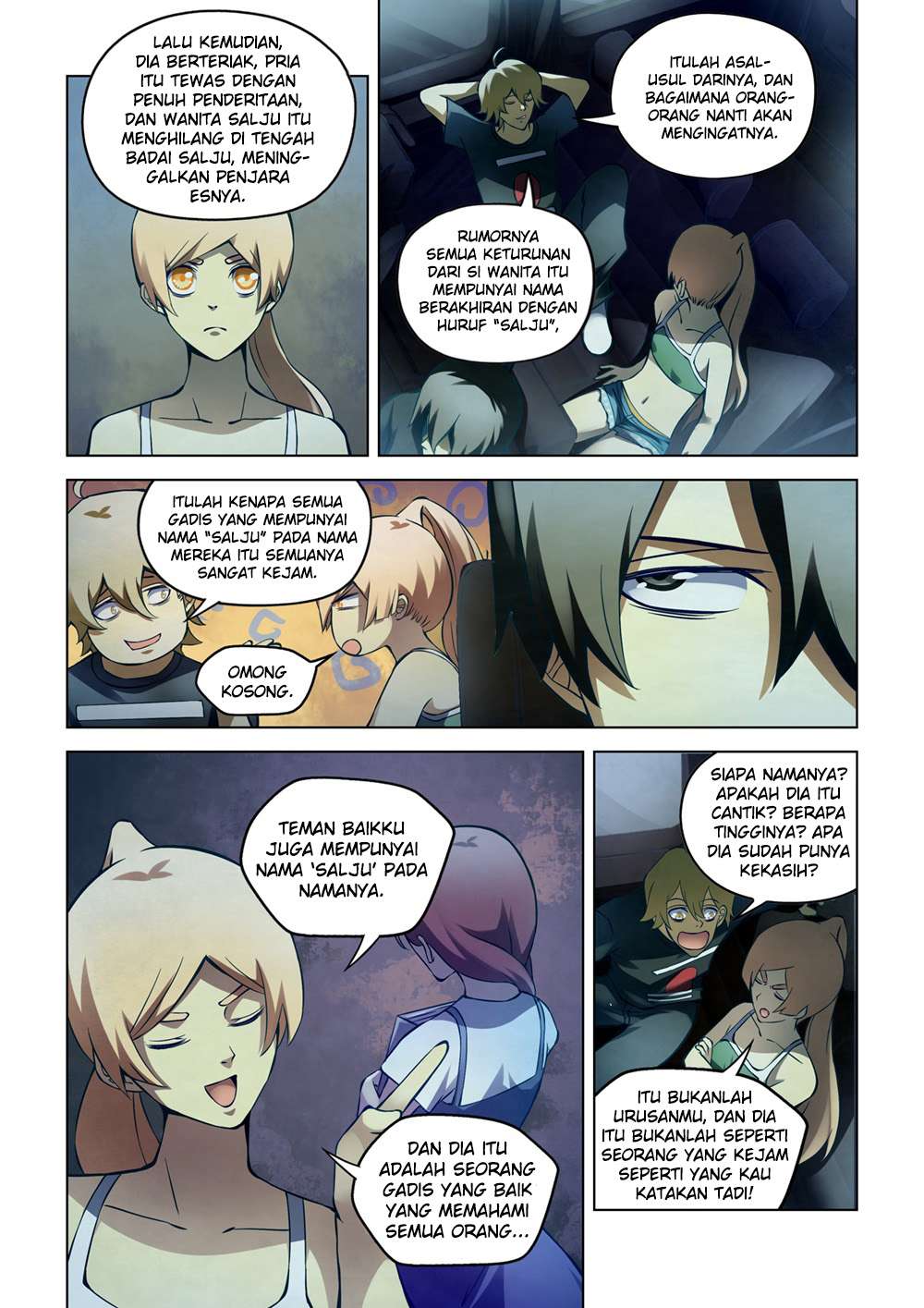 The Last Human Chapter 184 Gambar 5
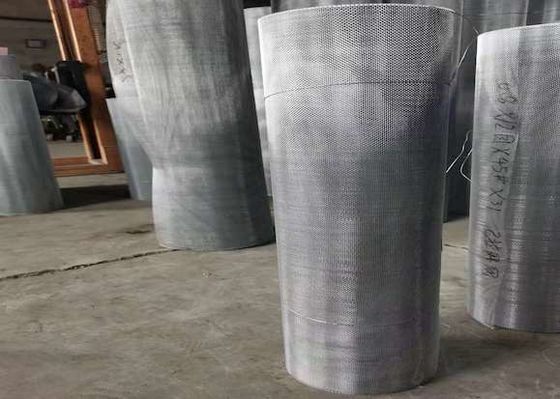 Filter Plain Weave 304L Stainless Steel Screen Mesh 23.37mm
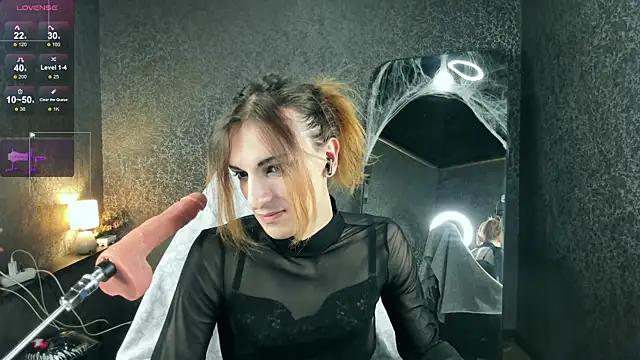 Anjela_Botton: διαδικτυακό σόου στην κάμερα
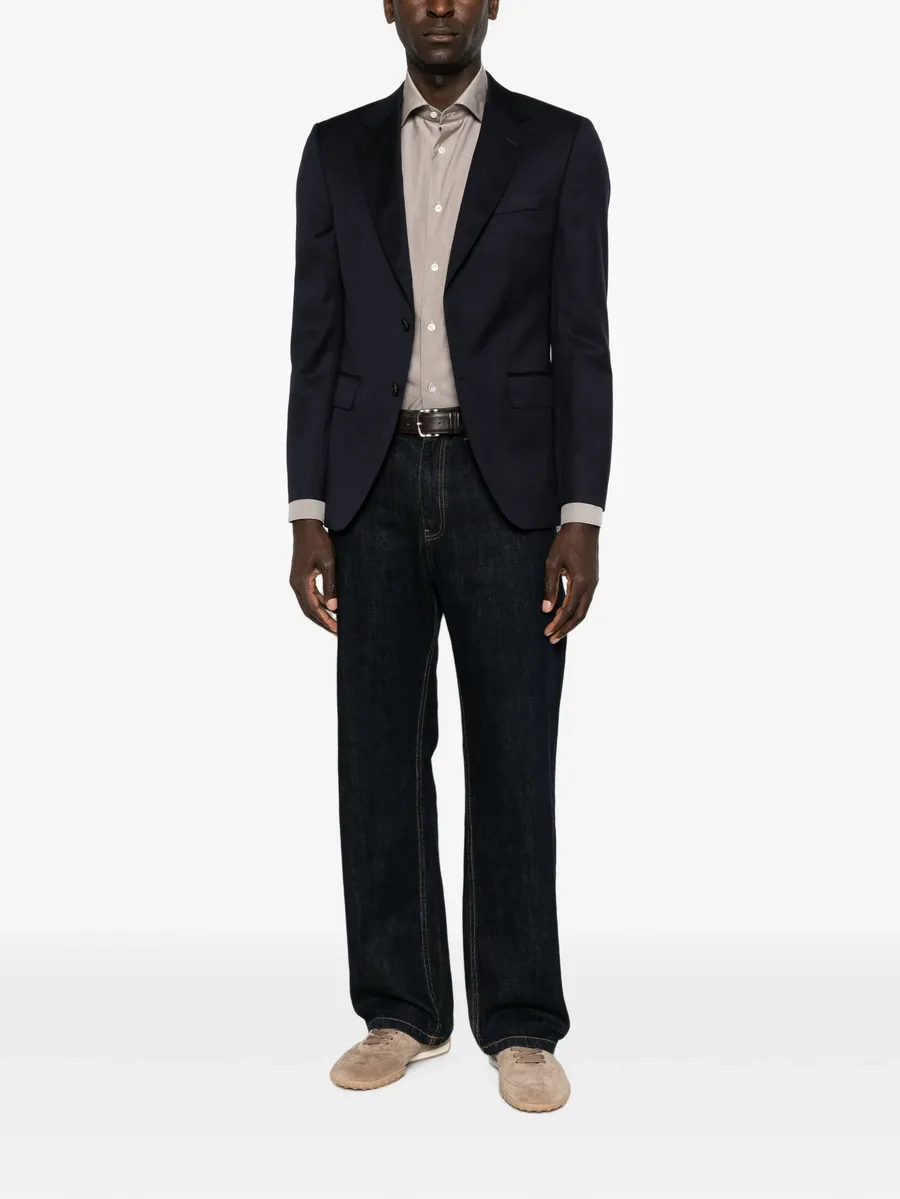 long-sleeve button-up shirt 2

--------------------------------

Problem details:
Leave the pictures out and restate the listing word for word.

Solved exercise:
 The Last Human Chapter 184 Gambar 5
 Filter Plain Weave 304L Stainless Steel Screen Mesh 23.37mm
 Anjela_Botton: διαδικτυακό σόου στην κάμερα
 long-sleeve button-up shirt 2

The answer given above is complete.